Spend enough time on social media and everything you see will start to blend into a blurry scroll of sameness. The same golden yellow sofas; the same East Fork mugs; the same, smooth millennial aesthetic. Instagram has flattened our idea of what makes a beautiful home—but there’s a world outside the online bubble, and it is filled with singular (and sometimes strange) objects.
A new book titled How to Live with Objects: A Guide to More Meaningful Interiors argues that what defines our homes isn’t the picture-perfect interiors that social media and shelter magazines have long portrayed, but the design objects we choose to surround ourselves with—whether they are vintage, contemporary, handmade, or purely sentimental (which happen to be the four organizational categories of the book). The book makes the case that you don’t have to be an interior designer, or even a collector, to know how to source and live with objects. All you need is the ability to tap into your own personality and learn to translate it through objects. In other words, if you want to create a home that looks like you and no one else, then you should probably get off Instagram.
How to Live with Objects is the brainchild of Monica Khemsurov and Jill Singer, the cofounders of the influential online magazine Sight Unseen. The book features more than 150 objects that run the gamut from a vintage painted-tile table (date unknown) to an odd wooden nail polish storage box made by the father of the owner when she was seven years old.
True to its title, the book reads like an approachable manual with shopping tips on where to source contemporary objects (design stores, galleries, showrooms, and design-school sales are featured among others), or how to snag vintage objects (go to flea markets early in the day, visit antiques malls multiple times to learn an object’s turnover rate). It’s a useful, illustrated guide for all the Marie Kondo challengers who find joy in amassing beautiful objects—but most of all, it’s a welcome reminder that there are as many definitions of “beautiful” as there are humans on this planet.
This idea flies in the face of the homogenous version of beauty found on platforms like Instagram and Pinterest, which have perpetuated so many of the interior trends we’ve seen in recent years. By default, social media only allows us to see what other people are posting about, and as a result, trends like “foam mirrors,” “starburst mirrors,” or Ettore Sottsass’ Instagram-famous Ultrafragola mirror (why is it always mirrors?) seem to suddenly show up in everyone’s homes.

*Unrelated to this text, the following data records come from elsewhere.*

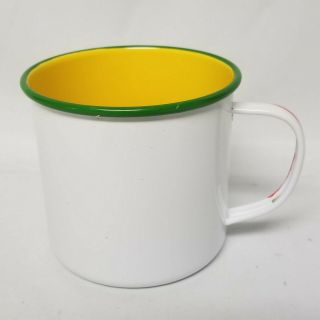 Rare Google Logo White Tin Coffee Cup Mug Yellow Green Metal Advertising 2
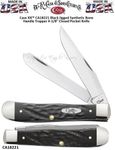 W.R. Case & Son.'s Cutlery CA18221 Case XX Black Jigged Synthetic Bone Handle Trapper 4-1/8" Closed Pocket Knife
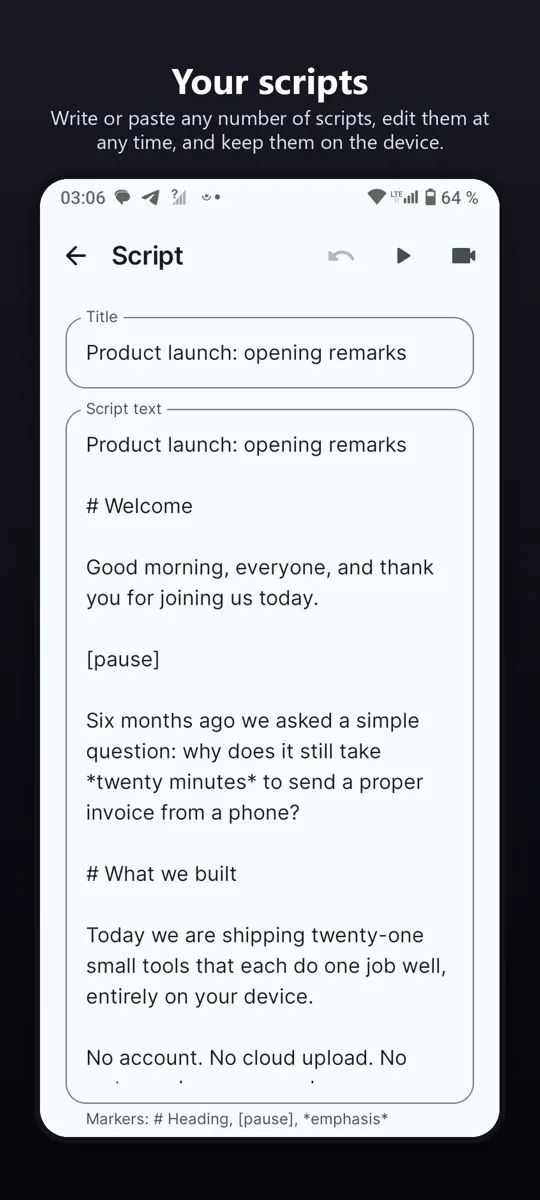 Teleprompter for Video — screenshot 2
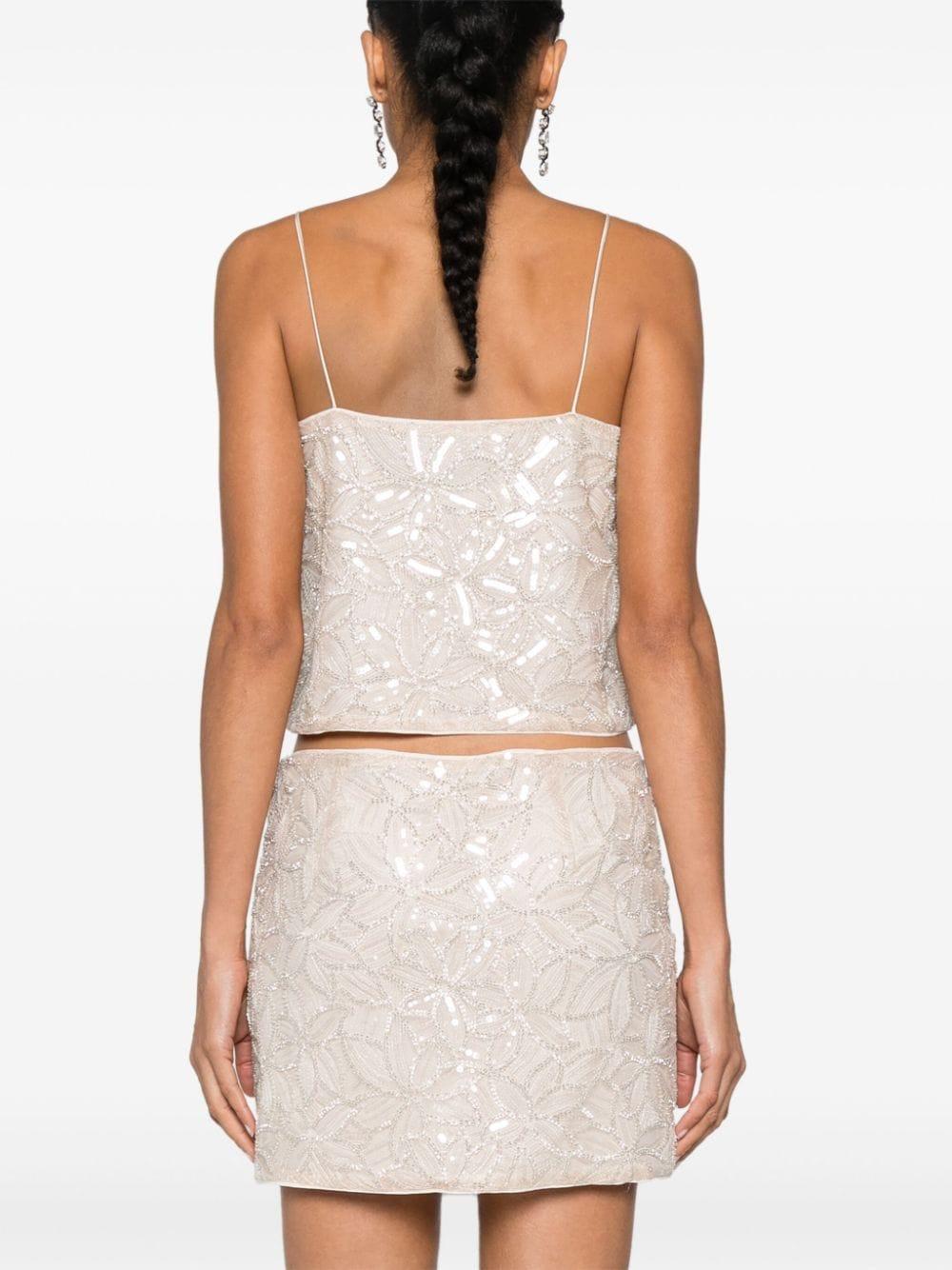 ROTATE Sequin Mini Top Creme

For Khemsurov, social media may have sped up the homogenization of design, but it’s only amplified a phenomenon that already existed in various corners of the design world, from blanding to the pervasive nature of Helvetica. “Instagram has become an echo chamber in many ways, but the echo chamber is a larger problem,” she says. “It’s why we have things like Forever 21.”
The issue isn’t confined to new trends or fast furniture, though. Even objects sourced at a flea market or a parent’s attic or directly from a designer’s studio find their way online where others can use them as a source of design inspiration. “It’s a funny circular thing,” says Singer.
If you’re decorating a home and you’re online, there’s no way to fully get off the track of force-fed #designinspo. But maybe that’s not the worst thing. At the end of the day, both Khemsurov and Singer see Instagram as an educational tool that can help people discover new designers and makers and figure out what they like and dislike. “You can access this new information and have this learning experience no matter where you are,” says Singer. Just don’t make it your only learning experience.